1. The Nanaimo Bar. Named after Nanaimo, BC, this confection of walnuts, graham cracker crumbs, icing, and chocolate is just so crazy that it works. This is a mandatory staple of any Christmas cookie tray, church ladies bible study group, and birthday party. I can’t imagine Christmas without them. Whether you do them with vanilla or mint icing is, I think, a regional thing. (P.S. I heart them with mint icing)

2. Maple Syrup. It is an amazing thing that a watery tree sap when boiled down becomes a symbol for airport duty free across a whole country. It doesn’t even matter what sweet stuff you are actually putting on your pancakes, you just refer to it as maple syrup. Thank You Quebec.

3. Poutine. Another one of Quebec’s great contributions. While all countries in the world who eat potatoes have a manner of serving them up fried in some way, only Canada would think to put them in a bowl and cover them with cheese curds and beef gravy. So popular that if you can’t find them within 15 minutes of realizing that you are too drunk to drive home, you may have accidentally stumbled into Michigan. Again.

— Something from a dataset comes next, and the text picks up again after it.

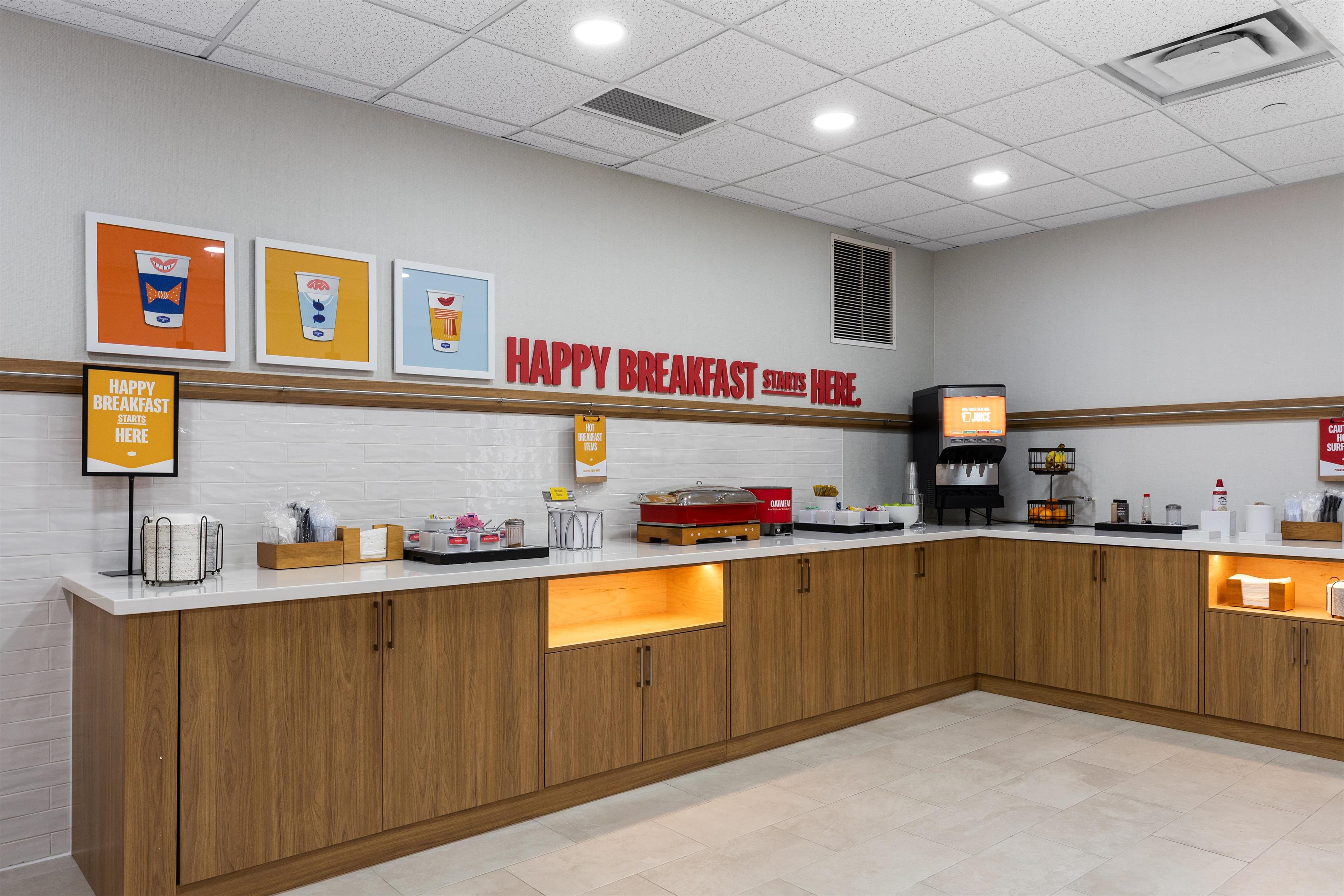 Breakfast Area | Hampton Inn & Suites Tampa-Wesley Chapel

4. Butter Tarts. Basically a small version of the very Southern American pecan pie, bastardized. It can contain walnuts, pecans, raisin, chocolate, or a combination of all. But it must be small enough to eat in 3 bites and be gooey enough that when you bite into it the pastry dismantles and the filling dribbles down your chin.

5. KD. A packaged macaroni and cheese side dish in a box. Staple food for picky children and has kept college students on the brink of scurvy since 1937. Loving it is on the signed portion of the application for permanent residence to Canada. The box laughingly contains 4 recommended servings. Canadians know that it serves 2 people when mixed with a can of tuna, tomatoes, or cut up hot dogs, or one very tired, hungry individual with perhaps a few left over macaroni in the bowl that you just can’t finish no matter how hard you try to jam them in.

6. Illegal Salmon. You are not really a Canadian unless you know someone who buys cheap illegally fished salmon from a native guy he knows. This native guy may also be his dealer and/or his connection for cheap smokes. The salmon will be of a very poor quality. But if there is anything Canadians like it is the devilish satisfaction of not paying taxes on something very small and insignificant.

7. Vancouver Sushi. The bastard child of casual sushi take-out and the conceptual works of Lewis Carroll. Think sushi rolls containing wasabi mayo, fruit, peanut butter and jam, curry, and always a tempura something or other (note: probably not all together though). I should also make mention here of the phenomenon that is the Starbucks and Sushification of the entire greater Vancouver region. Soon you will only be able to get California rolls and lattes within the downtown core, and nothing else.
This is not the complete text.